(Records from a collection)
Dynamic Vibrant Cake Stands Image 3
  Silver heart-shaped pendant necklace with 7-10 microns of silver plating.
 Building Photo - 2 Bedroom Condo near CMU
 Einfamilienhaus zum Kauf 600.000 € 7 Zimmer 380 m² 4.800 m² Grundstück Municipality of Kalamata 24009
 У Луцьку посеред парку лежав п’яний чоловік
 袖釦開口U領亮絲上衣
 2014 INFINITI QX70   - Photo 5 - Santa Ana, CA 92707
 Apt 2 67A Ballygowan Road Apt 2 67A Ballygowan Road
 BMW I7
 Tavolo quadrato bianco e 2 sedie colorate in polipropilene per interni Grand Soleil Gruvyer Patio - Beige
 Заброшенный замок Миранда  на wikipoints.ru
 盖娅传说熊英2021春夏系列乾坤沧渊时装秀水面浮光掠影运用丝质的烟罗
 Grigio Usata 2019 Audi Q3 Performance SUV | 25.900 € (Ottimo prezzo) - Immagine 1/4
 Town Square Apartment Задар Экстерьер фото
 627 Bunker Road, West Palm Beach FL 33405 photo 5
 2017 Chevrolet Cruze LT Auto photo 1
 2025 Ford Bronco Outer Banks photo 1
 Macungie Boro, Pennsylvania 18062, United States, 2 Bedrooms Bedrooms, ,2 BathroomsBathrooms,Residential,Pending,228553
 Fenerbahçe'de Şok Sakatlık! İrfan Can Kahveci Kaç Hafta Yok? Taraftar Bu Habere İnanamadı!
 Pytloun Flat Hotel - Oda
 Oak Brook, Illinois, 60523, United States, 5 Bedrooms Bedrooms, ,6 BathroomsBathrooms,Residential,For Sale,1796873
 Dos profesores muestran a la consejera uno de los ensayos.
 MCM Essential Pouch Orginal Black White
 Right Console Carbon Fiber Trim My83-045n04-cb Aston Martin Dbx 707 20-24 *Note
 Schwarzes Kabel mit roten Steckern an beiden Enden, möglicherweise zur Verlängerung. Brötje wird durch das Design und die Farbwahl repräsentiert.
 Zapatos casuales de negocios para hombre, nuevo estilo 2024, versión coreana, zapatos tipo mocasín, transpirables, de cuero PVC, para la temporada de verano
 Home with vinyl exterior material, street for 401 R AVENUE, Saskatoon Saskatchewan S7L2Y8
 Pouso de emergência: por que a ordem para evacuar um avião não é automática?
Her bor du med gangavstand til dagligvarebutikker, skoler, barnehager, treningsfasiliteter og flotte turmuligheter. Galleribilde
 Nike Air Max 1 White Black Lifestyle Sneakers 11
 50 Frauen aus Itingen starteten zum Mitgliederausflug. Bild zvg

■ **Task statement**
Copy each line of the preceding data that contains the string "States".

■ **Output below**
 Macungie Boro, Pennsylvania 18062, United States, 2 Bedrooms Bedrooms, ,2 BathroomsBathrooms,Residential,Pending,228553
 Oak Brook, Illinois, 60523, United States, 5 Bedrooms Bedrooms, ,6 BathroomsBathrooms,Residential,For Sale,1796873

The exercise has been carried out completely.